During the procedure, multiple coils were placed in collaterals from the aorta to the left lung. One of the coils was inadvertently embolized into the right lung (Figure 2). Co-incident with the coil embolizing to the right lung, PA pressures markedly increased. An ABG at that time demonstrated a pH 7.29, PaCO2 62 mmHg, PaO2 423 mmHg, and HCO330 mEq. The etCO2 at that time was 37 mmHg with a Pa-etCO2 gradient of 25 mmHg. To reduce the PaCO2, hyperventilation was initiated with PIP of 22 cm H2O and RR of 24/min. A PaCO2 within the normal range was only attained when the etCO2 was reduced to 22 mmHg (Table 1).
Figure 2. Cardiac image after coil embolization. The circle depicts the coil in the right lung.
Table 1. PaCO2, end tidal CO2 and Pa-etCO2 gradient in mmHg in relation to the coil embolization. Note the gradient difference 30 minutes before the embolization and immediately after.
At the end of the procedure, the patient could not be weaned from mechanical ventilation. Despite the use of nitric oxide, PA pressures and the PaCO2-etCO2 gradient remained elevated. The decision was made to keep the ETT in place, and the infant was transported to the PICU for further management. Transthoracic echocardiography performed immediately after the procedure demonstrated moderate RV dilation with moderately depressed systolic function and paradoxical inter-ventricular septal motion. RV systolic pressure was supra-sys- temic with estimates of 123 mmHg. Further management of right heart failure and pulmonary hypertension was initiated with a combination of diuretics, oxygen, and a milrinone infusion.
Based on the complexity of the patient’s medical condition and the nature of the procedure, this case report highlights the significance of a sudden intraoperative increase in the Pa-etCO2 gradient. This should alert the anesthesiologist to the possibility of a pulmonary blood flow incident occurred. According to Nunn and Hill  , the Pa-etCO2, is 4.6 ± 2.5 mm Hg in healthy, anesthetized patients. Because end-expiratory gas is a mixture from both well and poorly perfused alveoli, end-tidal PCO2 is usually less than arterial PCO2. The Pa-etCO2 gradient can be used as an index of alveolar dead space in most cases.

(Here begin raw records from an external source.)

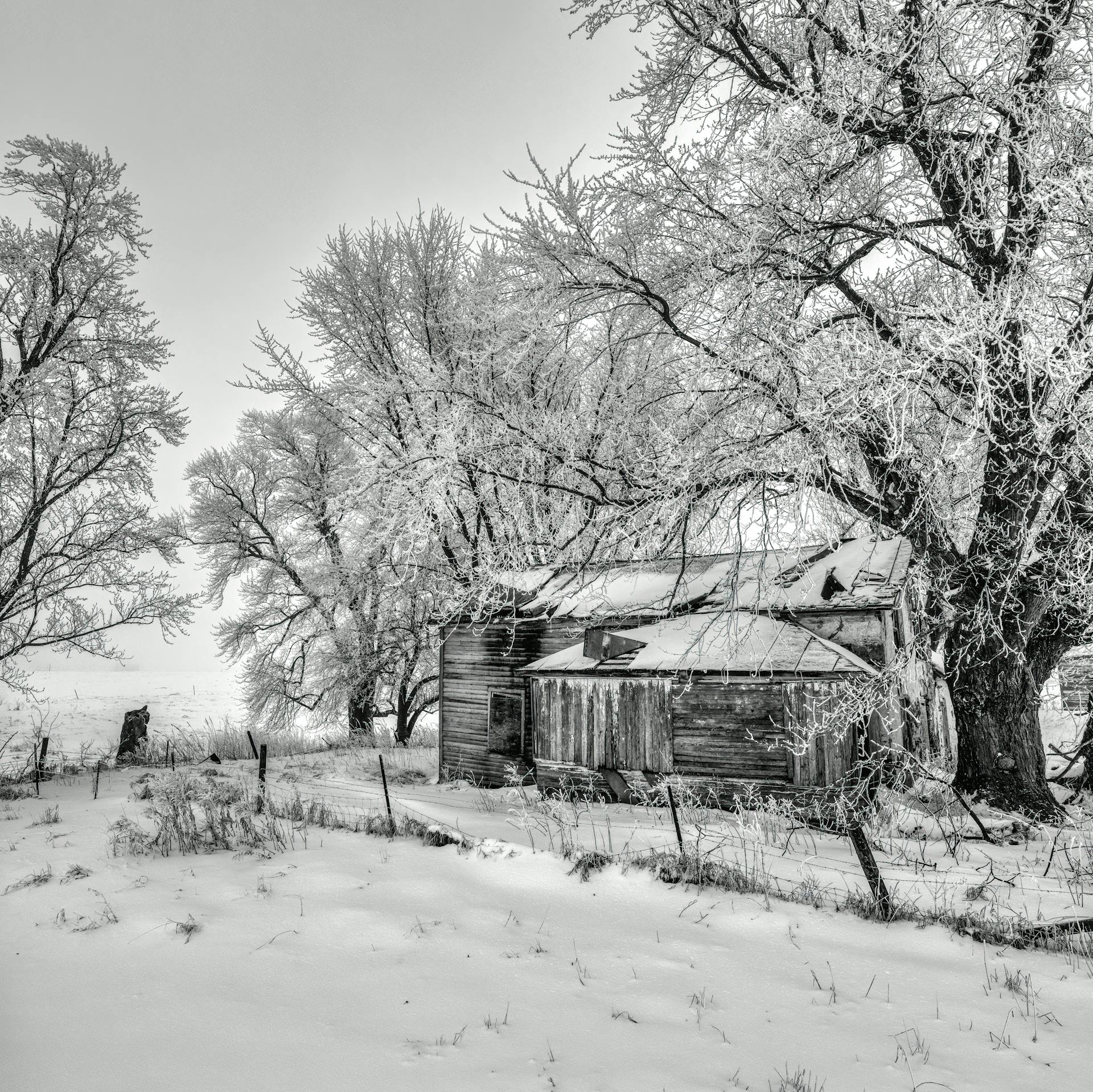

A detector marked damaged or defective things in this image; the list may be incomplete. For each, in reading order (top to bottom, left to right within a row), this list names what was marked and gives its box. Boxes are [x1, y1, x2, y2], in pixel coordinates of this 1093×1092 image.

broken window [487, 687, 526, 756]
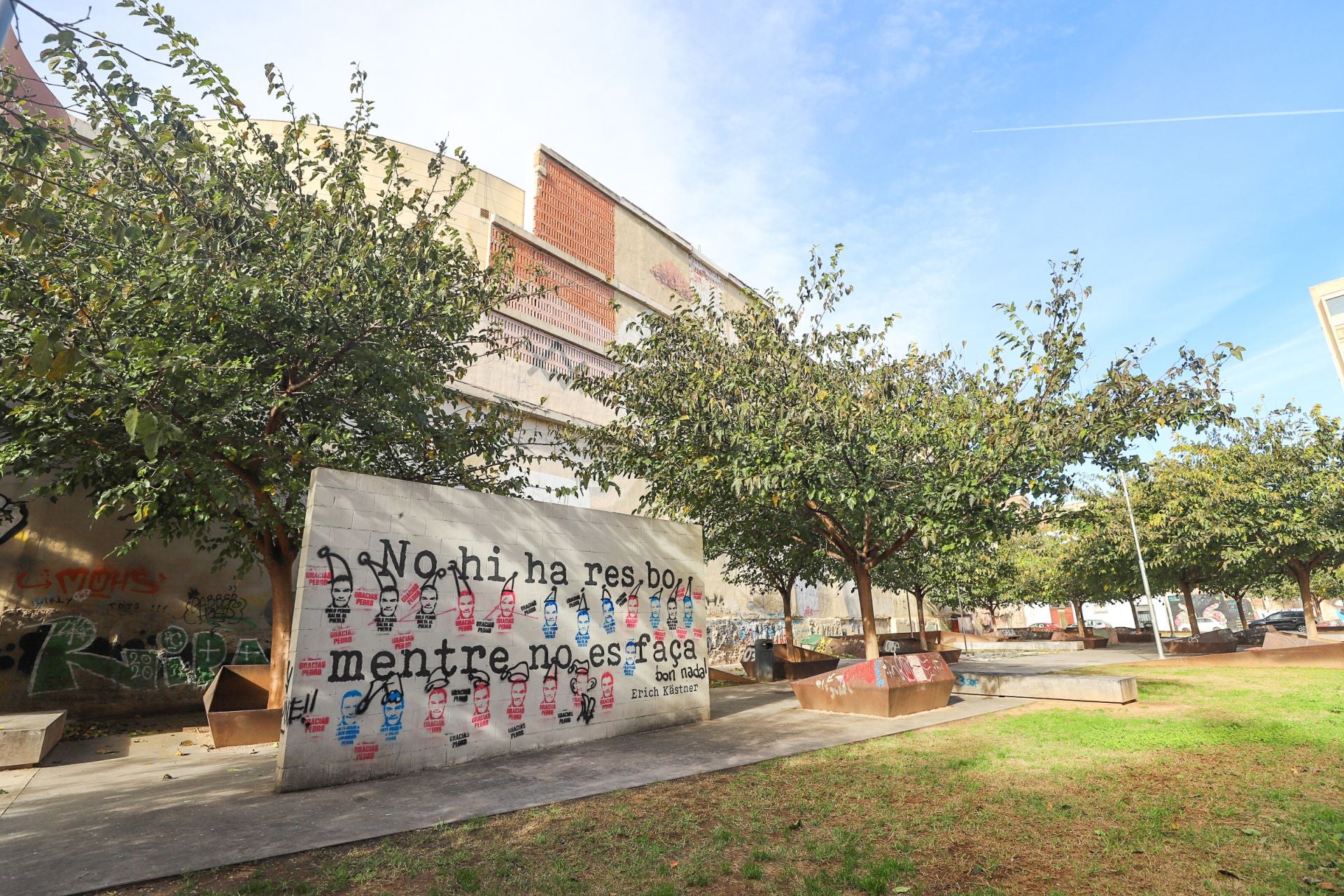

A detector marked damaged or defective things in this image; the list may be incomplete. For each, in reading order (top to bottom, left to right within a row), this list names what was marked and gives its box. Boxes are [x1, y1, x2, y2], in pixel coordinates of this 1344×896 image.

rusted steel planter [200, 666, 279, 752]
rusted steel planter [747, 645, 839, 680]
rusted steel planter [795, 647, 957, 720]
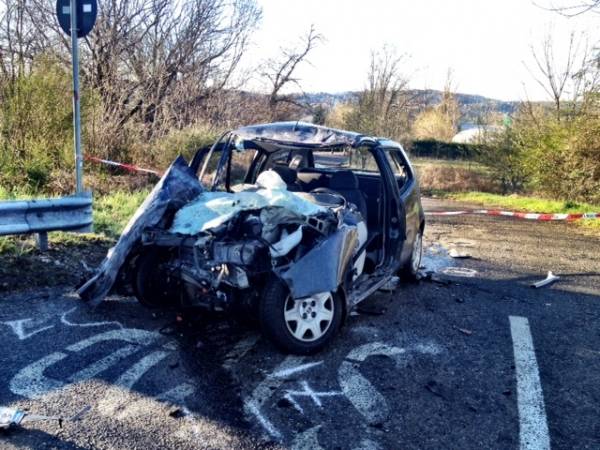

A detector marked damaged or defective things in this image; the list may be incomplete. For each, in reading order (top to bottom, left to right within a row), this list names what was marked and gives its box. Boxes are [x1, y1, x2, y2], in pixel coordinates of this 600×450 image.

torn metal panel [78, 156, 202, 308]
wrecked car [79, 121, 424, 354]
torn metal panel [278, 225, 358, 298]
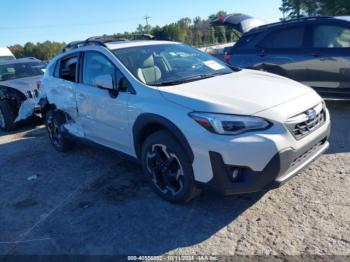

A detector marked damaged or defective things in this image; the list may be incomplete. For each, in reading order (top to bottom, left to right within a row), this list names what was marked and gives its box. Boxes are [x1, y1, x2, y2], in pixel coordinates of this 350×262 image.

wrecked vehicle in background [0, 57, 43, 130]
damaged car in background [0, 57, 44, 131]
damaged white suv [39, 36, 330, 204]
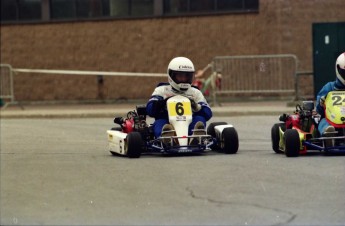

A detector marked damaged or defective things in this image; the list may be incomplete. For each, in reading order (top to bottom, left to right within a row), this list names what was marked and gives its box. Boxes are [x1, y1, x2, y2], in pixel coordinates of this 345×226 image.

crack in pavement [185, 186, 296, 225]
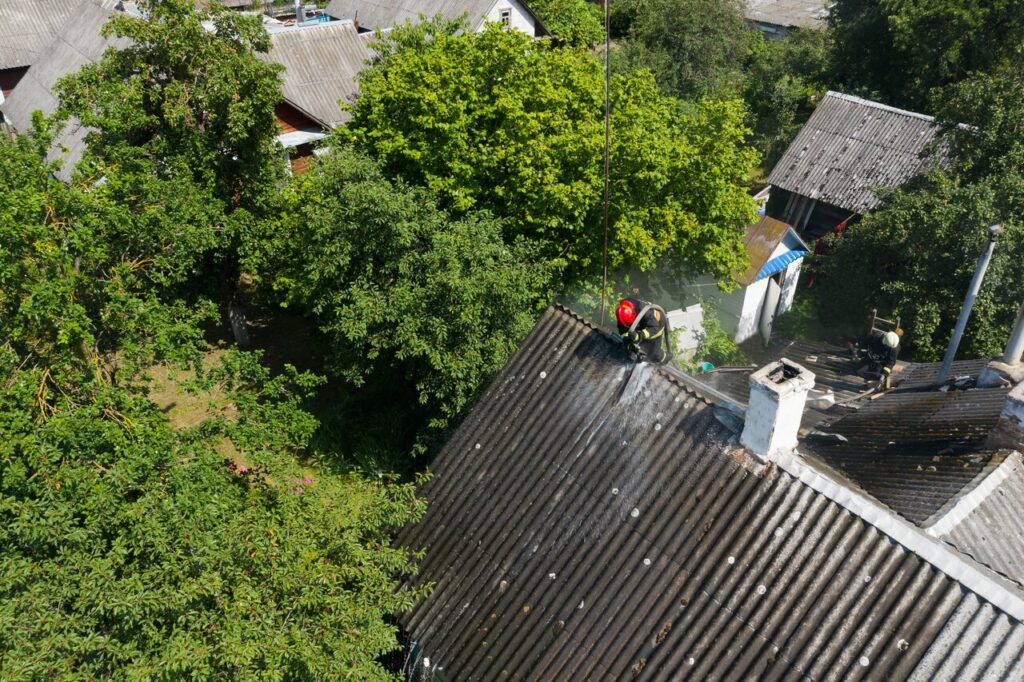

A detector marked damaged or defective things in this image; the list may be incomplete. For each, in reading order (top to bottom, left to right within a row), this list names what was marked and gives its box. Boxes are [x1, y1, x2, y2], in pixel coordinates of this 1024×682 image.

broken roof section [0, 0, 80, 69]
broken roof section [266, 20, 374, 129]
broken roof section [770, 90, 942, 212]
broken roof section [737, 215, 806, 284]
broken roof section [395, 307, 1024, 679]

In this case, embolization of a coil to the right lung acutely decreased the perfusion (Q) in the ventilation-perfusion (V/Q) relationship, while the ventilation (V) remained unchanged. This results in increased dead space ventilation. Using the etCO2 alone to predict the PaCO2 in such cases can lead to underestimation of the PaCO2.
Baraka el al. 1994 reports that in ASA class 1 or 2 patients during laparoscopy, no significant change in the PaCO2-etCO2 gradient after carbon dioxide insufflation. They conclude that end-tidal capnography can be used as noninvasive techniques for monitoring arterial carbon dioxide elimination during laparoscopic surgery in healthy patients  . The end-tidal PCO2 increases hand-in-hand with the arterial PCO2 during laparoscopic surgery  . Thus, end-tidal PCO2 accurately reflects the changes of the arterial PCO2 during laparoscopy. Patients with severe cardiopulmonary disease can develop significant hypercarbia associated with an increased PaCO2-etCO2 gradient  . In these patients, the end-tidal PCO2 is not a satisfactory index of PaCO2 measurement  .
The reliability of using end-tidal PCO2 as an indicator for arterial PCO2 is highly controversial. Some studies have found that the gradient is highly variable and PetCO2 cannot provide a reliable reflection of PaCO2, as in patients during craniotomies  , and in multisystem trauma patients  .
Using the etCO2 alone to predict the PaCO2 during an embolization procedure is not ideal. This case emphasizes the importance of intraoperative communication between the anesthesiologist and the cardiologist.